Although Gropius applied for permission to settle in England, ‘his third and last life, took him to the USA’.  When his growing frustration and failed commissions were coupled with the offer of a prestigious Professorship at Harvard University, in 1937  Gropius exited Europe to take up his position as Professor of Architecture at the Graduate School of Design where he would be instrumental in the development of the International Style in America.
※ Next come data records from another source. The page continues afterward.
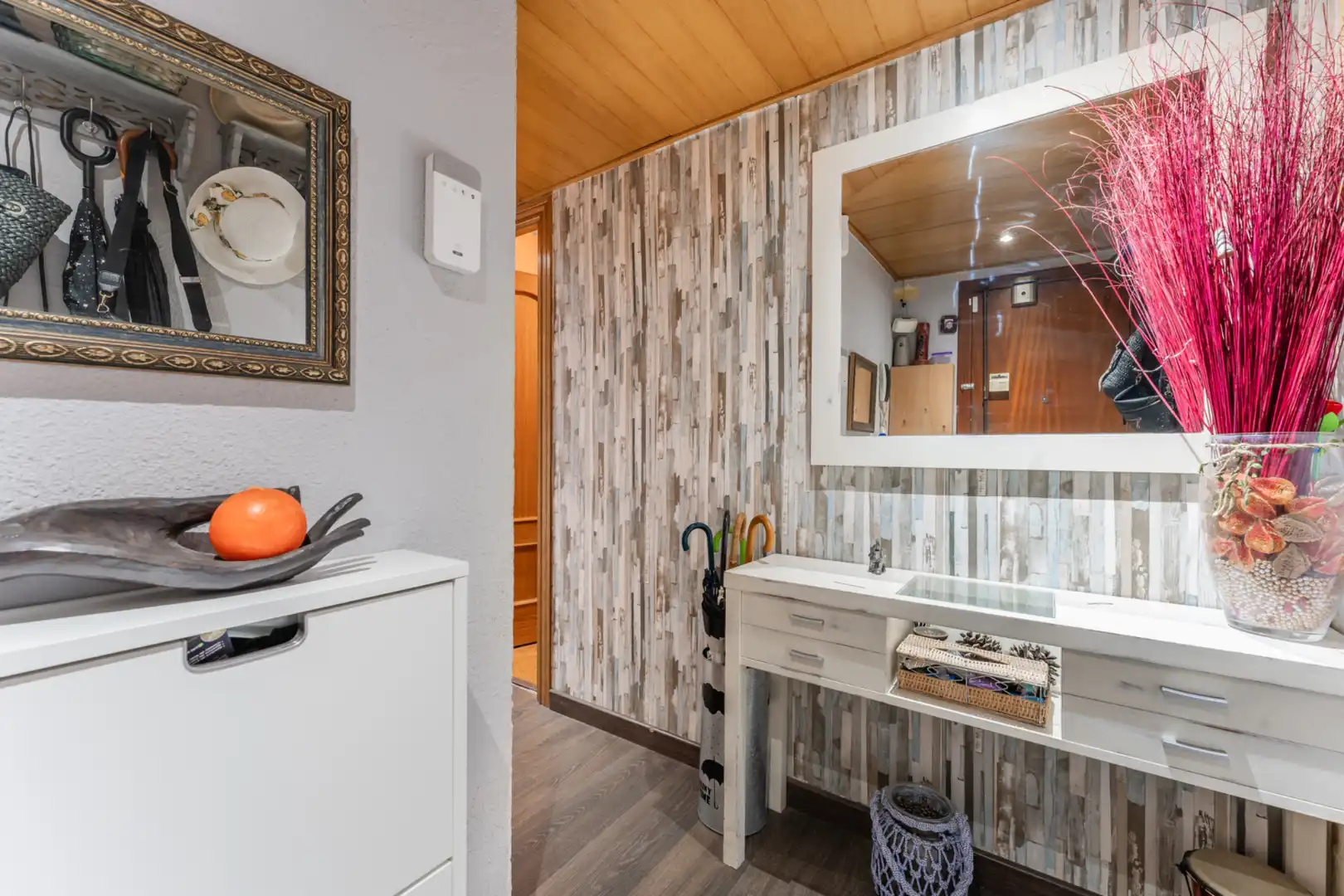 Piso en venta en Badalona con Parquet y Balcón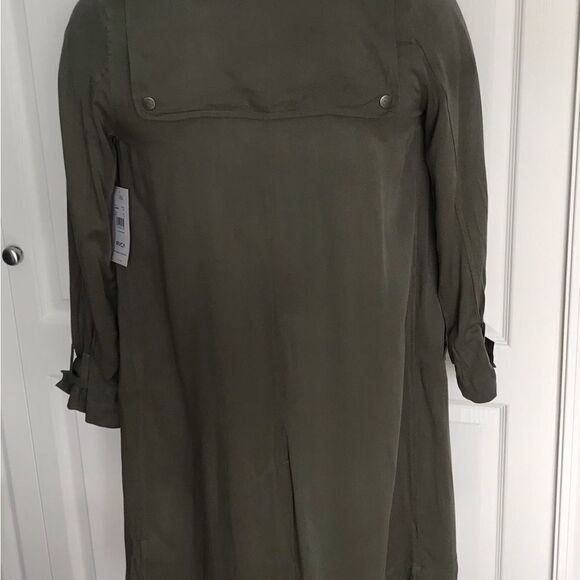 RVCA trench coat - Picture 11 of 11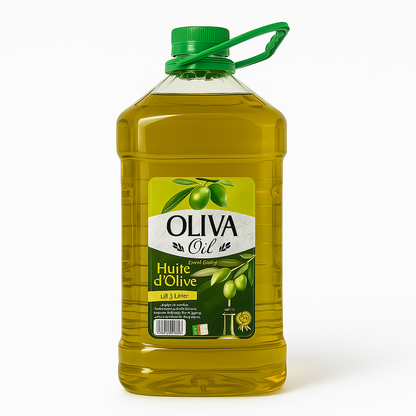 Huile d’Olive Extra Vierge OLIVA Oil 3L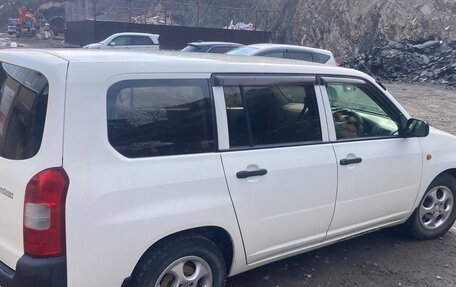Toyota Probox I, 2014 год, 600 000 рублей, 4 фотография
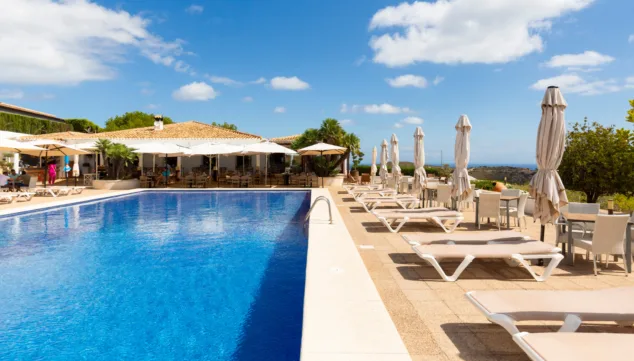 Imagen: Disfruta de unas vistas espectaculares desde Restaurante La Cumbre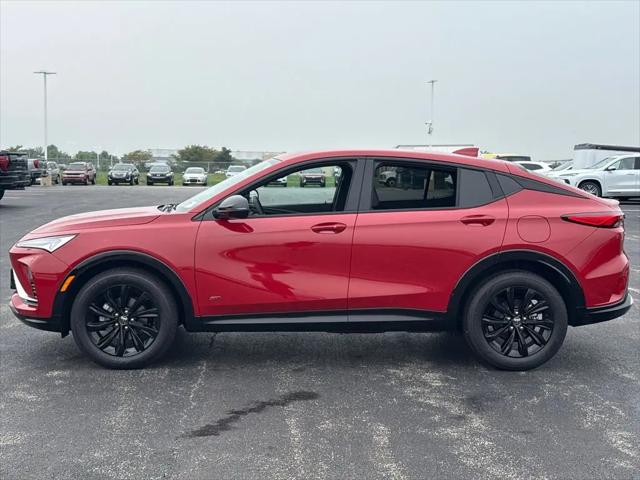2026 Buick NV Sport Touring FWD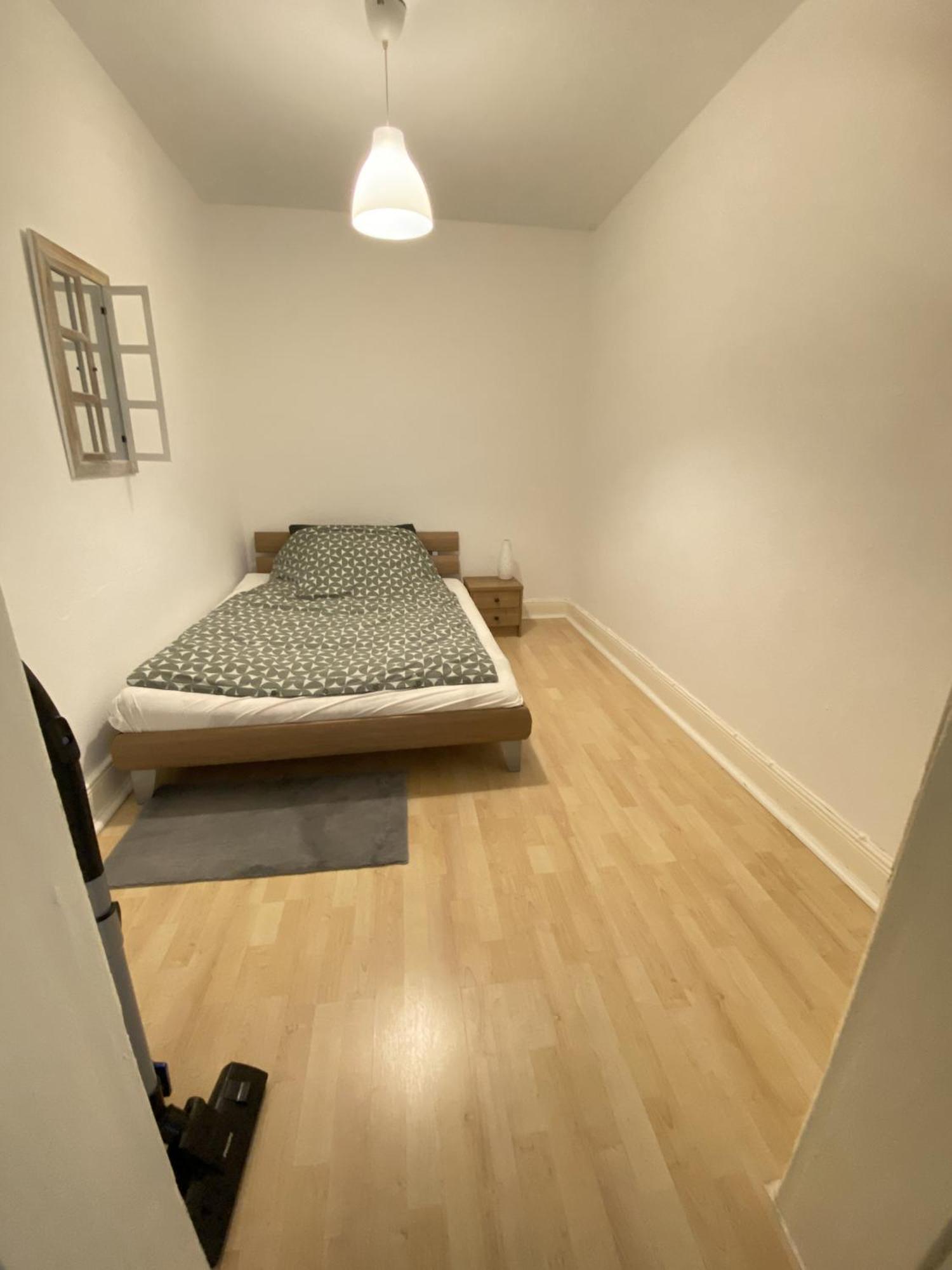 Ferienwohnung Haus Sonnenschein Hamburg Exterior foto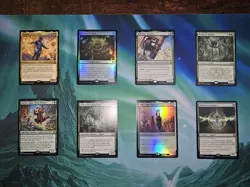 Cosmic Spider-Man Spider Tribal Commander Deck EDH MTG Magic the Gathering - Image 4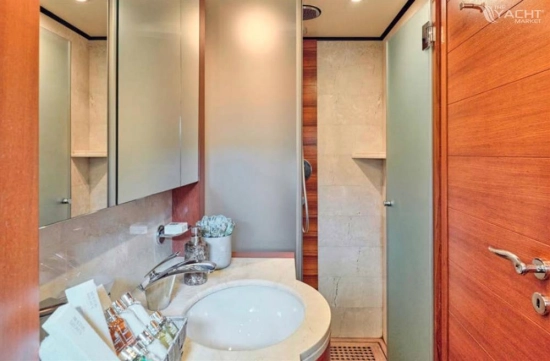 Baglietto 34 m de segunda mano en venta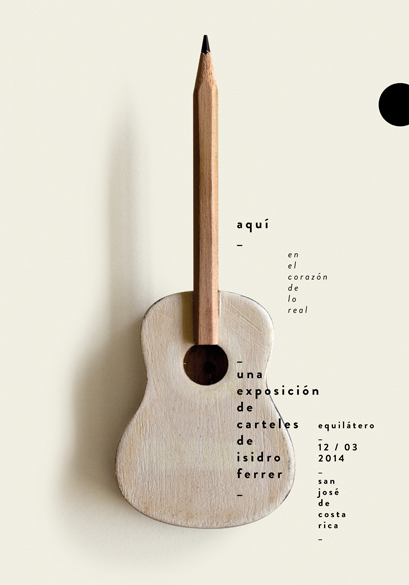 Isidro Ferrer - Ilustración final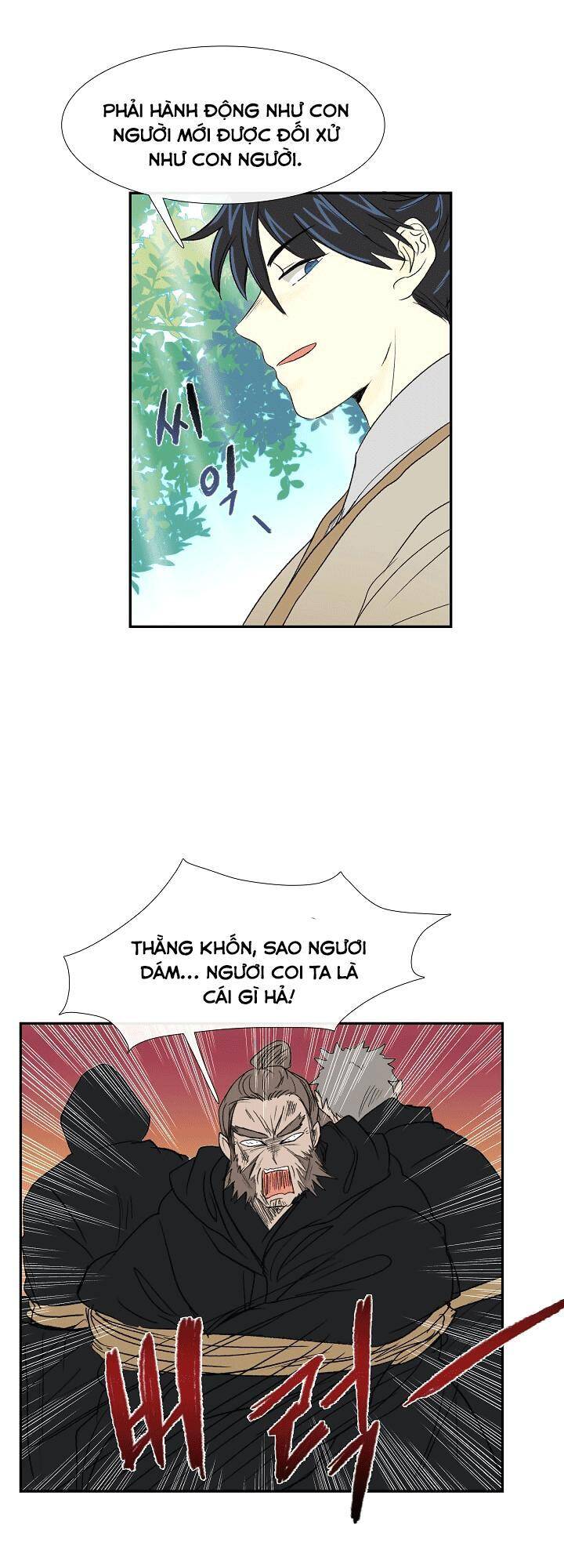 Học Sĩ Tái Sinh Chapter 68 - Trang 21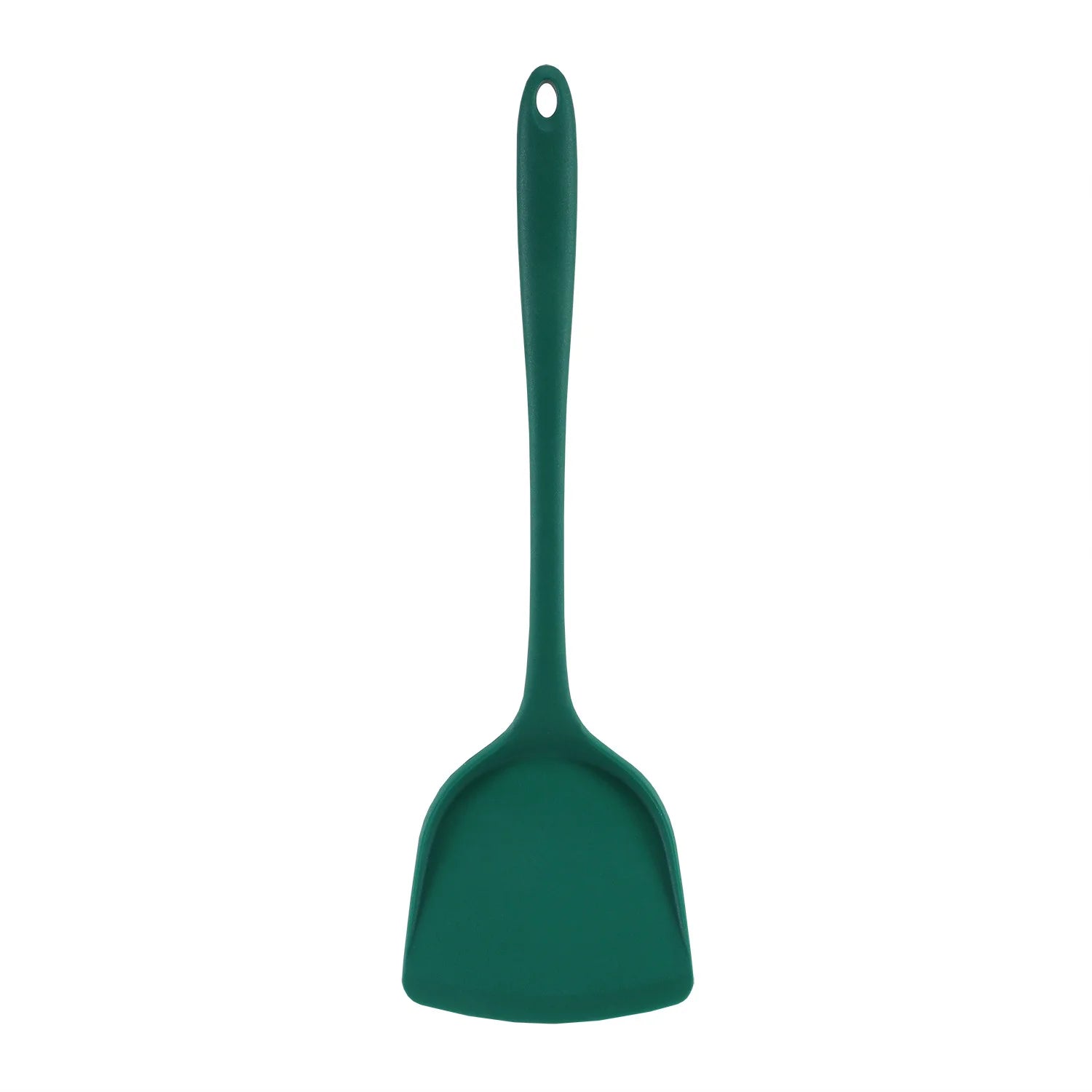 Matcha Green Silicone Frying Spatula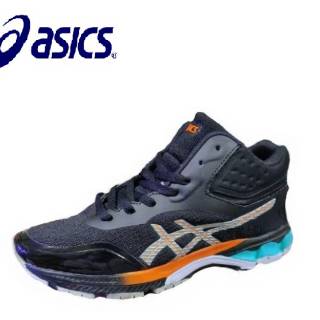  Sepatu  Asics  Gel Netburner Lokal  Sepatu  Olahraga Asic 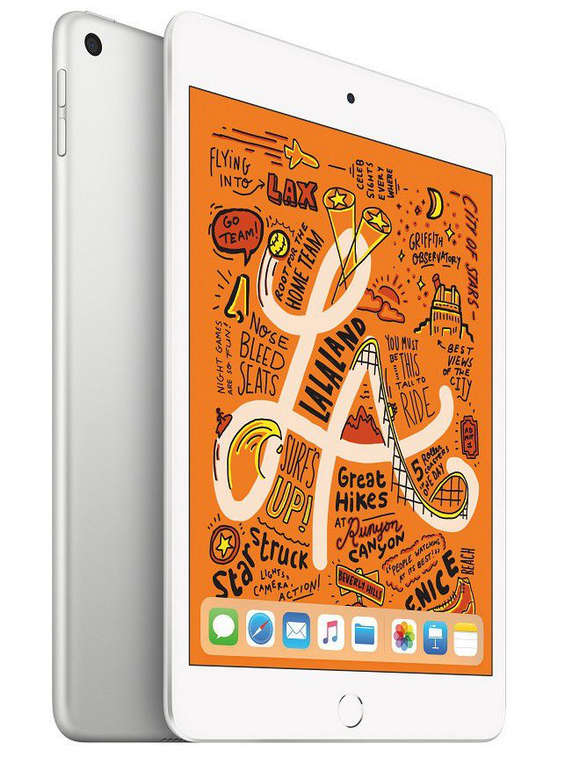 Apple iPad Mini 5 Wi-Fi, 64GB, Retina Display, A12 2019 (rose gold)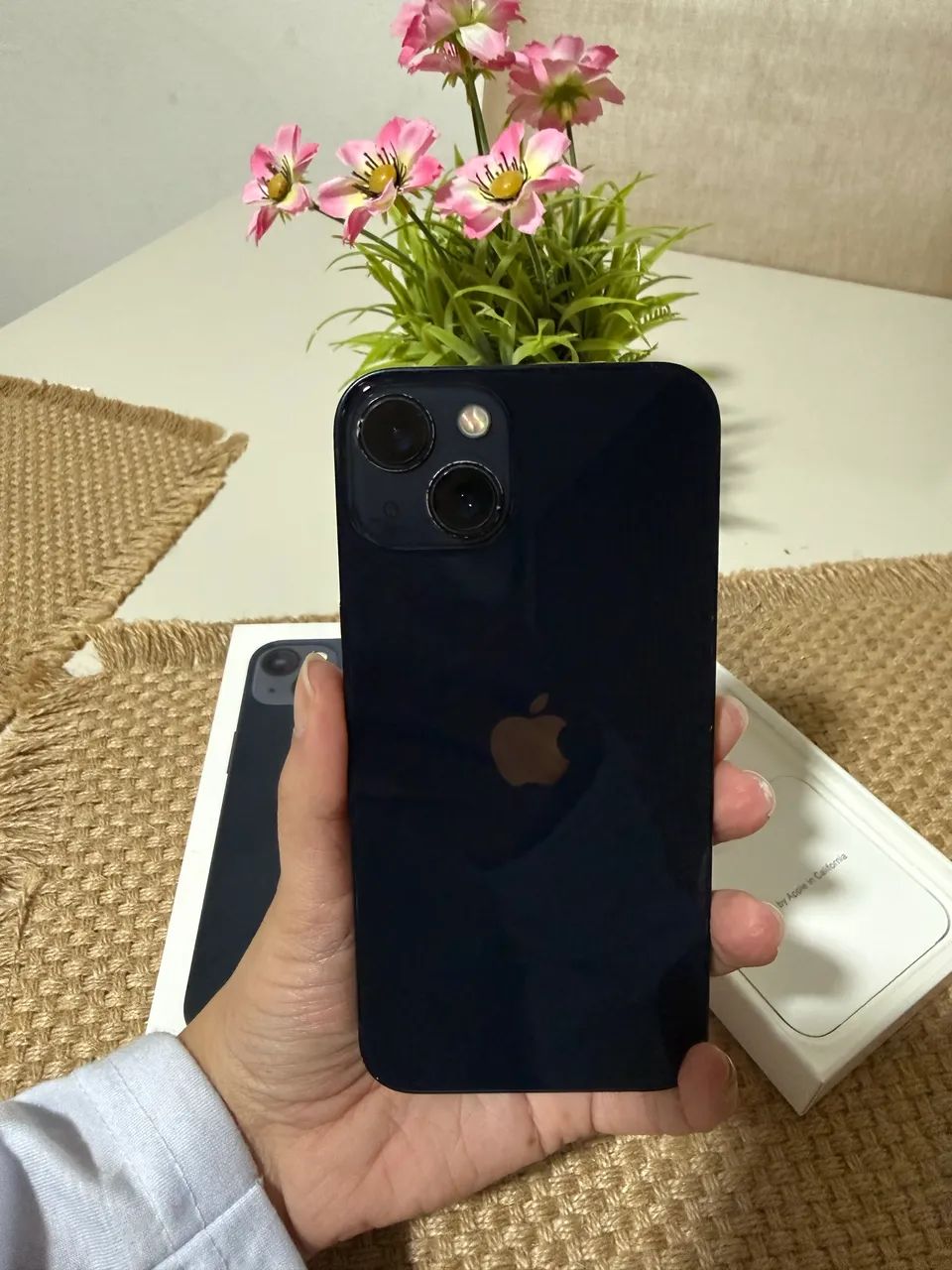 iPhone 13 128gb Todo Original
Designing his own house in Lincoln, Massachusetts, with funds provided by philanthropist Helen Storrow, the simple interior was filled with Marcel Breuer’s furniture designs.

Walter and Ise Gropius House in Lincoln Massachusetts
Left: Walter and Ise Gropius’ House in Lincoln Massachusetts, 1937/38 Credit: Phaidon; Right Gropius on his morning ride, 1940. Credit: Phaidon

Though his Harvard appointment would consolidate his genius as an educator - with pupils including the now famous names of I.M. Pei, Philip Johnson, and Paul Rudolph - Gropius returned to his foremost calling as a practitioner. After an initial partnership with Breuer (who had also been appointed as a Professor at Harvard), Gropius soon set up a group practice with six of his former Harvard pupils. Together they were known as The Architects Collaborative (TAC). The highly regarded practice was responsible for many internationally acclaimed designs - including the Harvard Graduate Centre, 1949; Baghdad University Entrance, 1957; PANAM headquarters in New York, 1963; and a project for the German Ambassadorial Residence in Buenos Aires, 1968. Gropius would continue to work as a practicing architect right up until his death in 1969 - at the age of eighty-six!

Harvard Graduate Center
Left: Harvard Graduate Center, 1949 Credit: Phaidon; Right: Baghdad University Entrance, 1960s Credit: Phaidon

Importantly, Daybelge and Englund present Gropius as not only a key figure of 20th century architecture, but as ‘a generous connector, protector, and benefactor who improved the lives and careers of all those with whom he came into contact’. Unlike his best-known contemporaries, throughout his career Gropius preferred to work in a team. In great admiration of this, Swiss architectural historian Sigfried Giedion (a friend of Gropius’) once mused: “He possesses a gift rarely owned by creative people […]. He can give ungrudging recognition to the work of others. He is sincerely interested in the achievements of his fellows and spares neither time nor effort to stand up for them and their work.”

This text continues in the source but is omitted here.